Wall Street's main indexes dipped on Monday, retreating from gains made in the previous session after U.S. Federal Reserve Chair Jerome Powell hinted that an interest-rate cut could be considered at next month's central bank meeting.
Recent economic data suggesting labor market weakness has boosted investor confidence that the central bank could switch to a dovish stance in September, despite a majority of policymakers warning that U.S. tariffs could add to inflationary pressures in the coming months.
The Personal Consumption Expenditures Price index - the Fed's preferred inflation gauge - is due to be released on Friday, while official nonfarm payrolls data is expected next week. The reports will be crucial, especially after Powell said a dovish verdict was not a certainty.
"The most important report between now and September is not the inflation numbers, rather the jobs report," said Thomas Hayes, chairman at Great Hill Capital, New York.

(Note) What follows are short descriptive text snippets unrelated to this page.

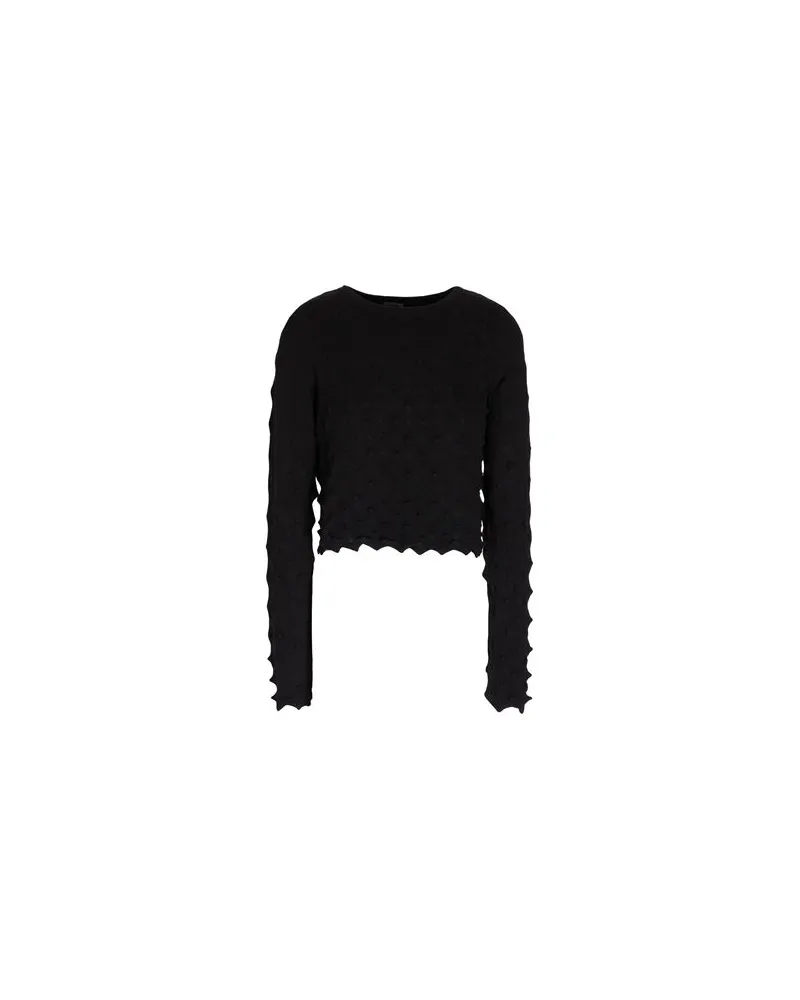 8 by Yoox VISCOSE BLEND 3D EFFECT KNITTED TOP  - STRICKWAREN - Pulloverauf YOOX.COM Schwarz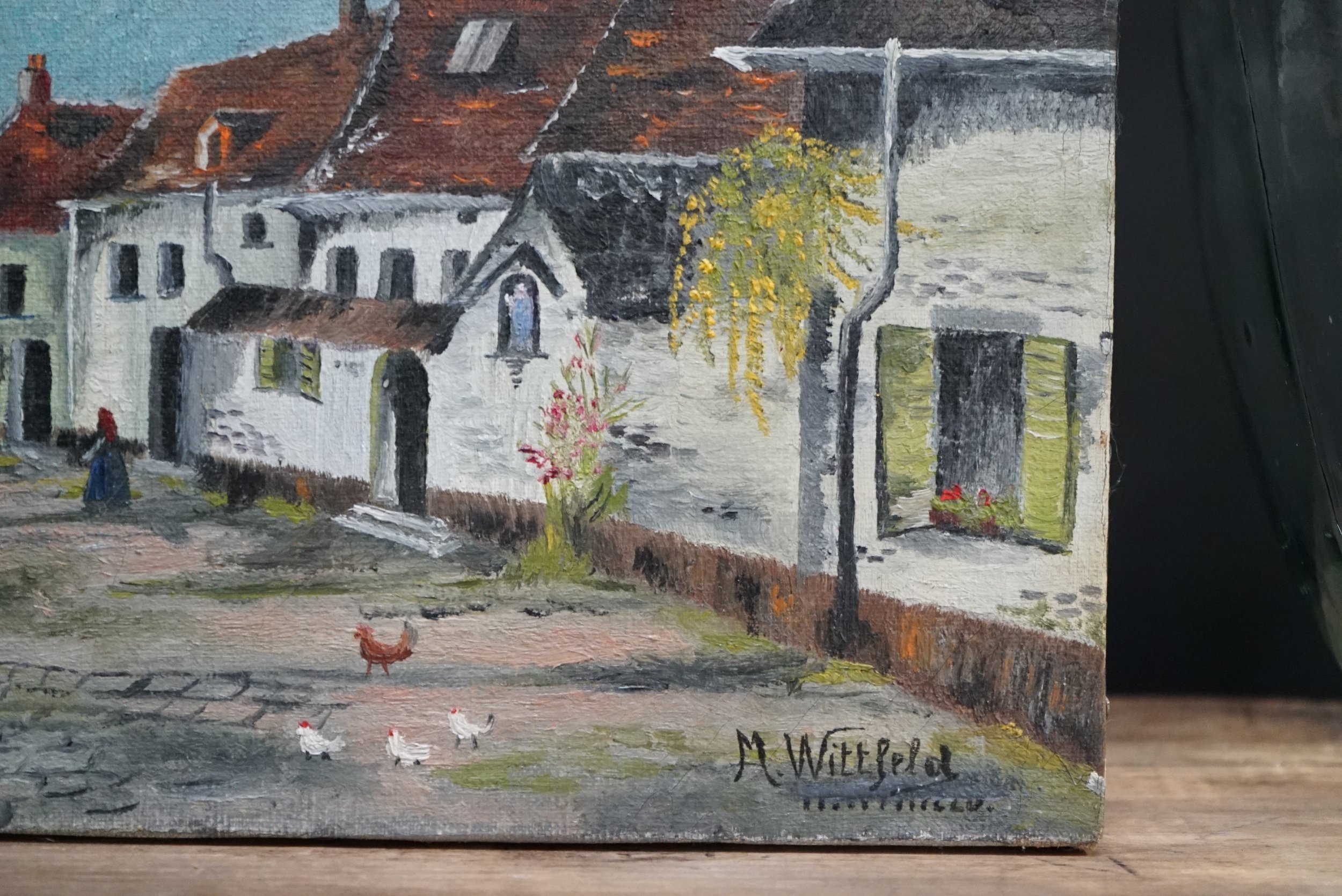 1950's "La rue pavee" Oil Panting by M.Wittfeld So Vintage Shop Online L'original Antiques Hawkes Bay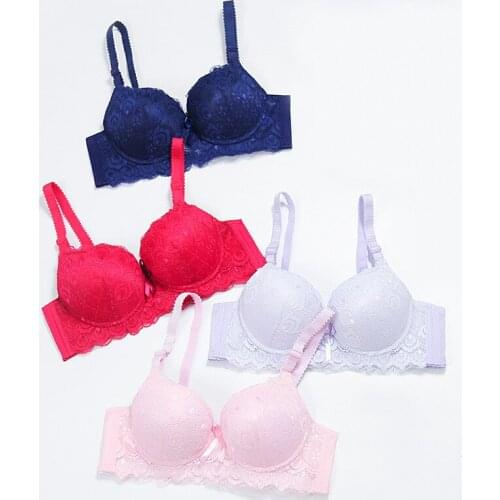 Sexy Floral Push Up Bra For Women Front Closure Three Hook-and-eye Plus Size Bralette Seamless Three Quarters Lace Lingerie
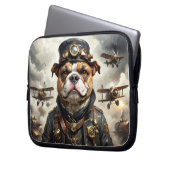 Steampunk-Pilot English Bulldog Laptopschutzhülle (Vorderseite Links)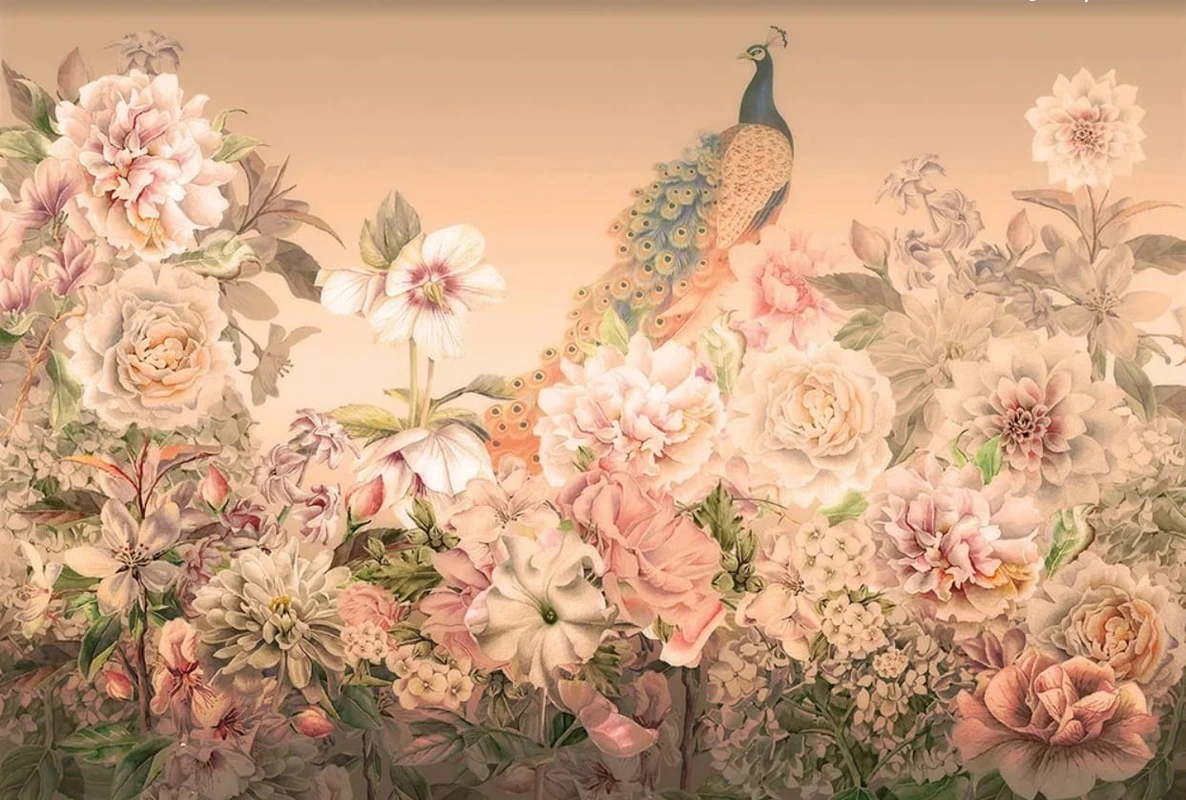 Фотообои на стену - цветы, павлин, персиковая, пудровый цвет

"As long as we show continued cracks in the labor market, the cut in September will happen, barring some egregiously high inflation numbers."
Powell's comments nudged major brokerages to revise their expectations, with Barclays, BNP Paribas and Deutsche Bank currently seeing a 25-basis-point reduction in borrowing costs next month.
Traders now see a 79.6% chance of a Fed rate cut in September, according to data compiled by LSEG.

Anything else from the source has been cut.